Third, mindful of the unity for which Our Lord prayed on the night before he died, we are bound to repudiate an action which has willfully placed a new and serious obstacle in the way of reconciliation and full visible unity between Anglicans and the Roman Catholic and Orthodox churches. "
Here is an explanation which I think puts it better (Bishop David Thomas)
The longer I reflect on the proposed Bill, the more convinced I become that it is driven above all by that post-1960s feminism which has done so much to secure for women all the fundamental human rights enjoyed by men. It has rightly sought to correct stereotypes which portrayed women as inferior, which largely confined them to domestic roles and tended to keep them out of public life. Its goal has been the inclusion of women and girls in every occupation and institution open to men and boys. In general terms, I for one regard this as entirely laudable.
Ignoring the large part which the Church has played in Western culture in advancing the status and dignity of women, some women have seen the sacred ministry as just such an occupation or institution from which their exclusion is a matter of fundamental injustice. The major weakness in this view of the ordained ministry is that it assumes that the Church is organized like a modern, secular, democratic society. But the Church is not a voluntary association of the like-minded, whose task is to create and maintain structures to serve its own purposes. It is a divine institution, whose sacraments are given by Christ. Holy Orders are conferred within it not for the honour or advancement of the recipient, but for the service of God and the building up of the whole. To consider the ministerial priesthood and episcopate as a human right is to misunderstand their nature completely.

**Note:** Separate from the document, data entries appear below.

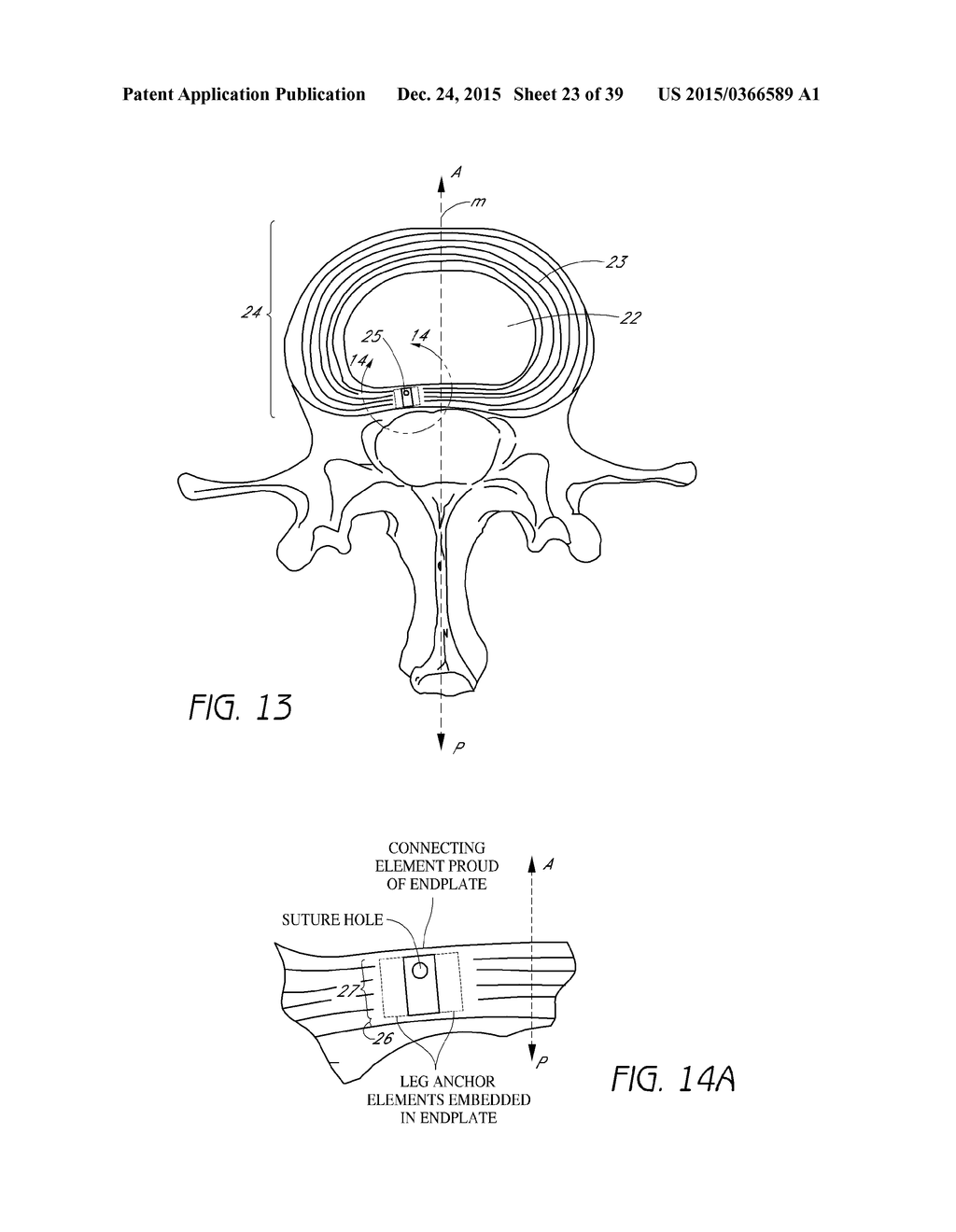 BONE ANCHOR SYSTEMS - diagram, schematic, and image 24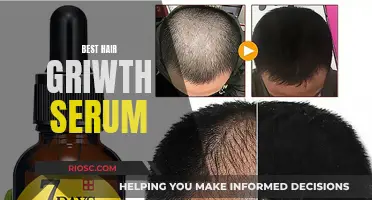 Unleash Luscious Locks: The Ultimate Hair Growth Serum Guide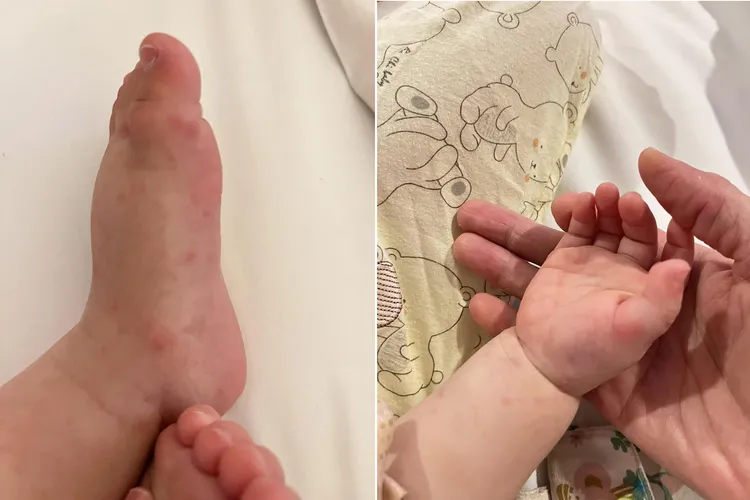 孩子身上起紅疹。取自李亮瑾臉書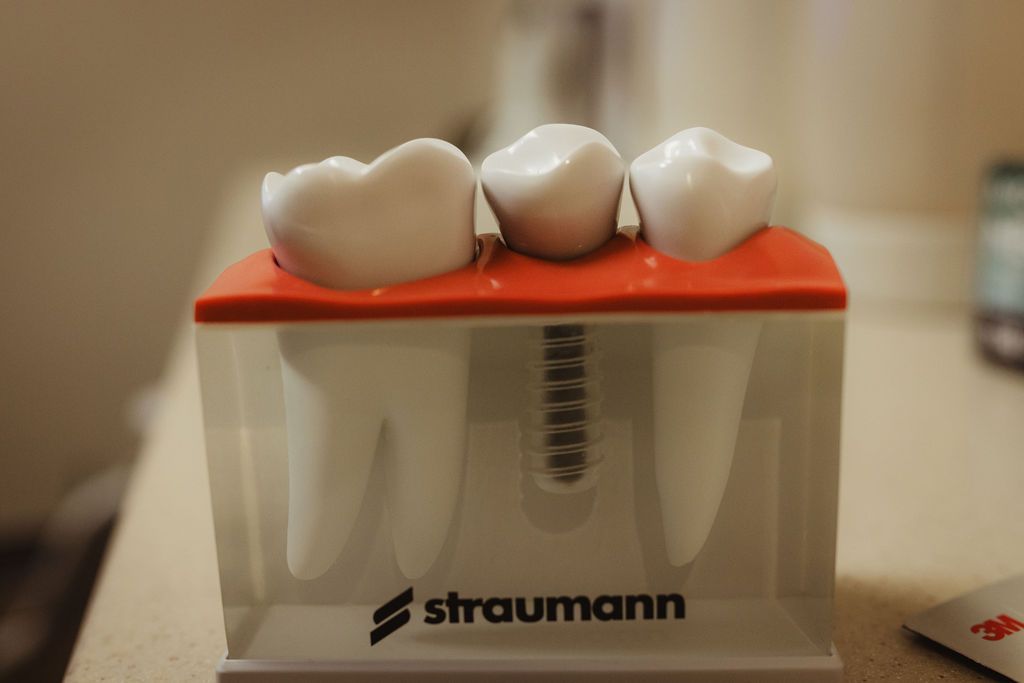 Straumann dental implant model showing three crown restoration stages on red gum base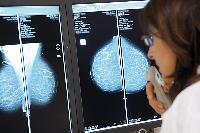 Mammographie-Screening in Deutschland auf sehr gutem Weg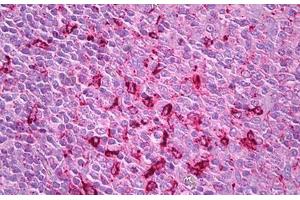 Anti-Cathepsin S antibody IHC staining of human tonsil. (Cathepsin S anticorps)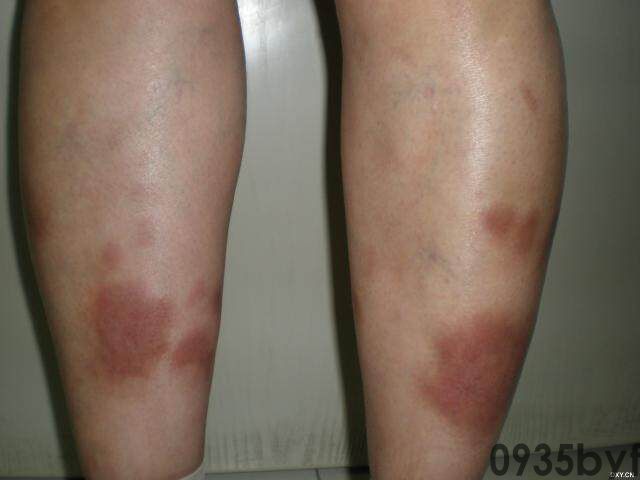 常见皮肤疾病典型图片汇总(图6) 常见皮肤疾病典型图片汇总(图6)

The fundamental confusion at the root of this argument is neatly expressed in the Christian feminist slogan, 'If you won't ordain us, don't baptize us.' The Church has always baptized women; it has never (until recent innovations) ordained them to the priesthood or episcopate. This is not due to any devaluation of women. It arises from the fact that there is no necessary progression from baptism to priestly/episcopal ordination. If such a progression did of necessity exist, the Christian life would presumably be a sort of religious 'career path'. Such a concept can hardly be said to sit comfortably beside the Lord's warning that those who follow him must deny themselves and take up their cross daily.